A few years ago, DBS sold HN5 Notes to its valued Treasure customers, blowing the buyers to kingdom come and discriminated against locals when it came to compensation.
So when early in 2011, when it started pushing yuan deposits and other investments linked to the yuan to its customers, I tot “No, not again”. By early May 2011, it had sold more than 27 billion yuan (S$5.2 billion) of investments linked to the Chinese currency to wealthy investors here it boasted.
Well 2011 wasa not a gd year for the yuan, and 2012 has been a disaster.
While most economists expect the renminbi will stay flat or rise slightly over the next year, financial markets tell a different story.
In the non-deliverable forward market, where traders place bets on the future exchange rate, the yuan or renminbi is priced to fall 1.3 per cent against the dollar over the next 12 months.

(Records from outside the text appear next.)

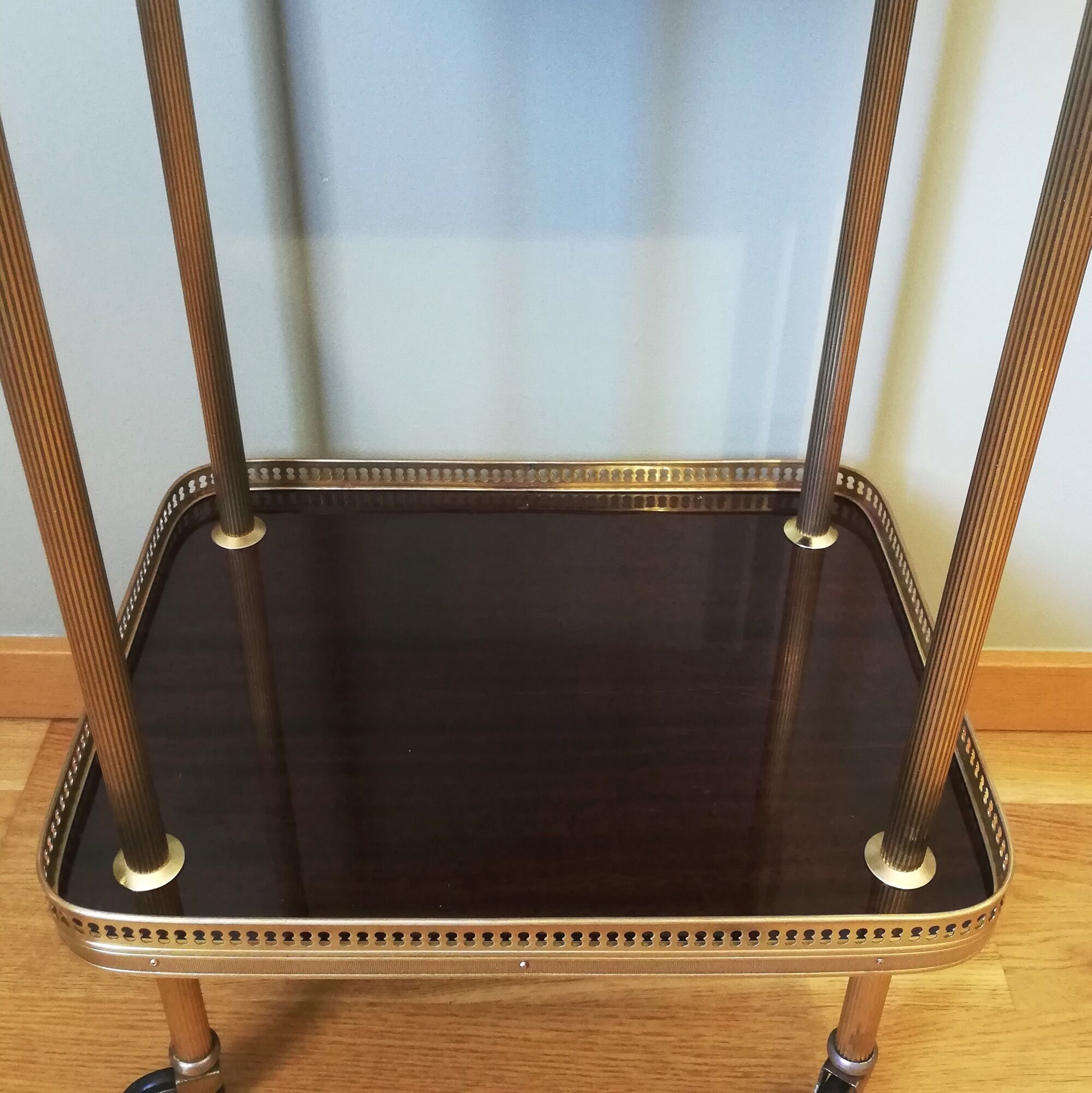 Vintage 60s wheeled service in brass and formica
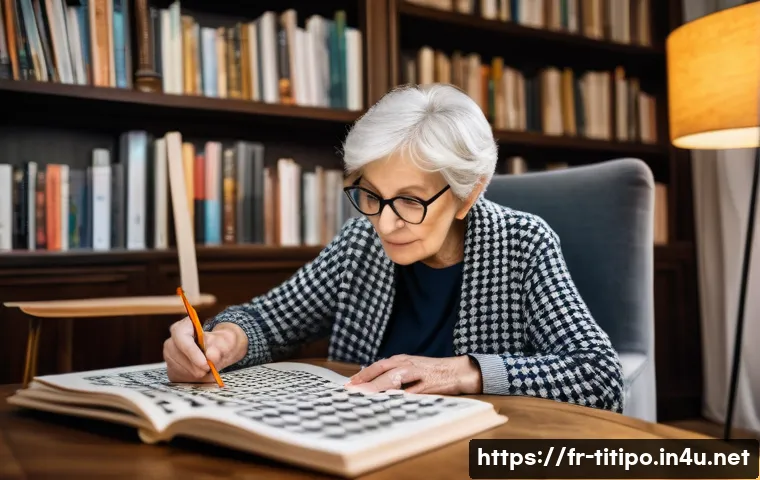 띠띠뽀 퀴즈 및 퍼즐 활동 - A cozy living room scene in a modern Parisian apartment, featuring an elderly woman with short gray ...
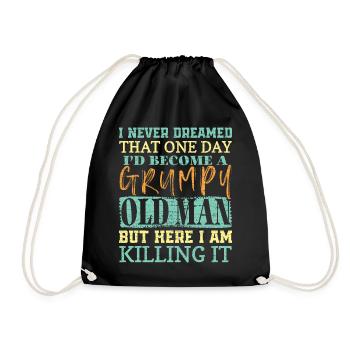 Großvater Geschenk Opa Geschenkidee - Turnbeutel - Schwarz - Vorne
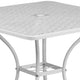 White |#| 35.5inch Square White Indoor-Outdoor Steel Patio Table-Umbrella Hole-Restaurant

Some experts say the decline will be much more substantial. Jim Walker, an economist who predicted the 1997 Asian financial crisis, forecasts a 5 per cent depreciation over the next year because “corporate financials in China are deteriorating dramatically. Extract from last week’s FT.
And we know S$ has been appreciating vis-a-vis the US$.
Interestingly OCBC, Singapore’s second-biggest bank, was not aggressively promoting offshore yuan deposits to Singapore customers due to the risk of near-term losses as the local currency is likely to appreciate at a faster pace.
“We’re pretty cautious with regard to offshore RMB business in terms of deposits. For a Singaporean, we think it is not very wise,” CEO David Conner said at an earnings briefing in May 2011.